BY GINA G. SCALA
NEWJERSEYNEWSROOM.COM
From the moment Amelia Earhart’s plane disappeared over the South Pacific, the world has been mystified by her fate. Now, nearly 75 years later, her lot and that of navigator Fred Noonan is believed to be uncovered.
On Friday, The International Group for Historic Aircraft Recovery (TIGHAR), which has been investigating one of the 20th century’s most famous disappearances, said it believes Earhart and Noonan died on an uninhabited island in the southwestern Pacific republic of Kiribati.
Earhart, who gained famed as the first woman to fly solo across the Atlantic Ocean, vanished during an attempt to circle the world near the equator. Later declared missing and eventually dead, many believed her plane ran out of fuel and crashed into the ocean.

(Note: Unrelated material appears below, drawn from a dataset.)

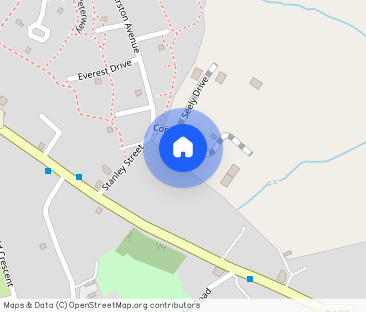 Cornmill Drive, Somercotes, ALFRETON - Photo 1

But TIGHAR researchers found an anti-freckle cream bottle, broken into five pieces, on Nikumaroro Island, Discovery News reported. When those fragments were reassembled, they made up a nearly complete bottle, identical in shape to the ones used by Dr. C. H Berry's Freckle Ointment. The ointment was marketed in the early 20th century as a concoction guaranteed to make freckles fade, according to Discovery News.

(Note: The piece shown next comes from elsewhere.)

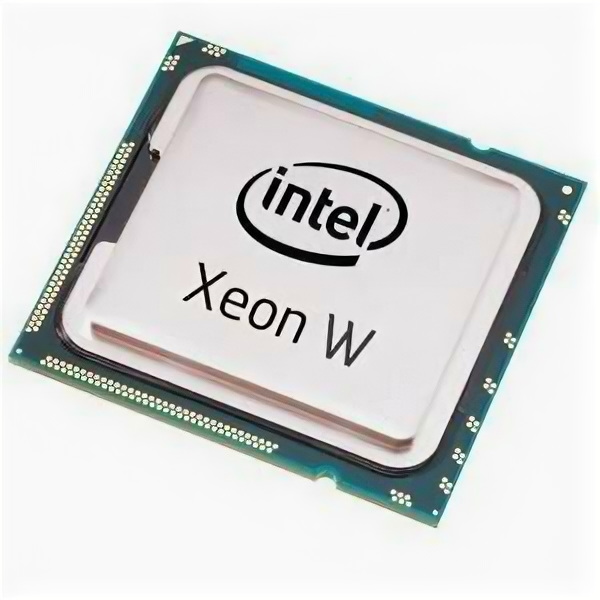 Процессор Intel Xeon W 2225 CD8069504394102_SRH03/(4.1GHz) сокет 2066 L3 кэш 8.25MB/OEM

"It's well documented Amelia had freckles and disliked having them," Joe Cerniglia, the TIGHAR researcher who spotted the freckle ointment as a possible match, told Discovery News.
These latest findings lead researchers to conclude Earhart and Noonan were low on fuel and unable to find their next scheduled stopping point – Howland Island; they radioed their position before landing on a reef at uninhabited Gardner Island, a small coral atoll now known as Nikumaroro Island.

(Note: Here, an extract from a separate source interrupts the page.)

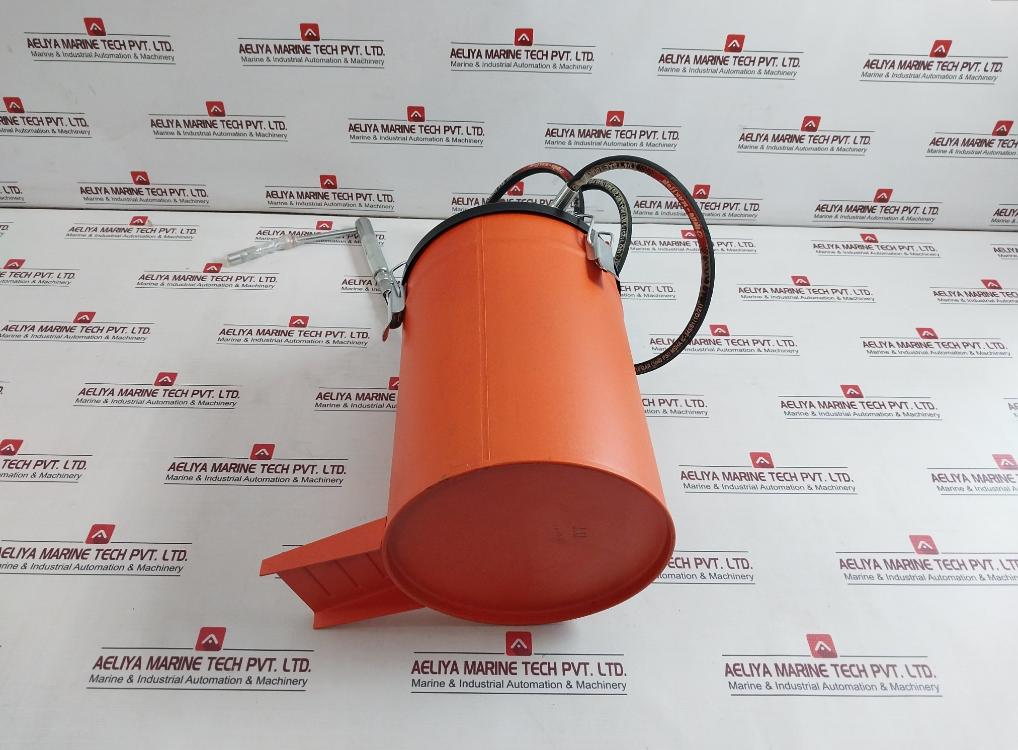 Groz Vgp-10 Volume Bucket Grease Pumps Rev. D - Image 5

Using what fuel remained to turn up the engines to recharge the batteries, they continued to radio distress signals for several days until Earhart’s twin-engine Lockheed Electra aircraft was swept off the reef by rising tides and surf. Using equipment not available in 1937 – digitized information management systems, antenna modeling software, and radio wave propagation analysis programs, TIGHAR concluded that 57 of the 120 signals reported at the time are credible, triangulating Earhart’s position to have been Nikumaroro Island, according to the Christian Science Monitor.
"Amelia Earhart did not simply vanish on July 2, 1937,” Richard Gillespie, executive director of TIGHAR, told Discovery News. “Radio distress calls believed to have been sent from the missing plane dominated the headlines and drove much of the US Coast Guard and Navy search.”
When the search failed, all of the reported post-loss radio signals were categorically dismissed as bogus and have been largely ignored ever since," Mr. Gillespie said. But the results of the study, he said, “suggest that the aircraft was on land and on its wheels for several days following the disappearance.”
A photo taken three months after Earhart’s flight shows what could be the landing gear of her aircraft in the waters off the atoll, The Christian Science Monitor reported.
“Analyses of the artifacts, faunals and data collected during the expedition are on-going but, at this point, everything supports the hypothesis that the remains found at the site in 1940 were those of Amelia Earhart,” TIGHAR, the Wilmington, Del.-based non-profit, said in a statement.
TIGHAR researchers will return in July to the area where Earhart and Noonan are thought to have spent their last days. They will use submersibles to try and detect the famous aircraft they believe was swept off the reef in 1937.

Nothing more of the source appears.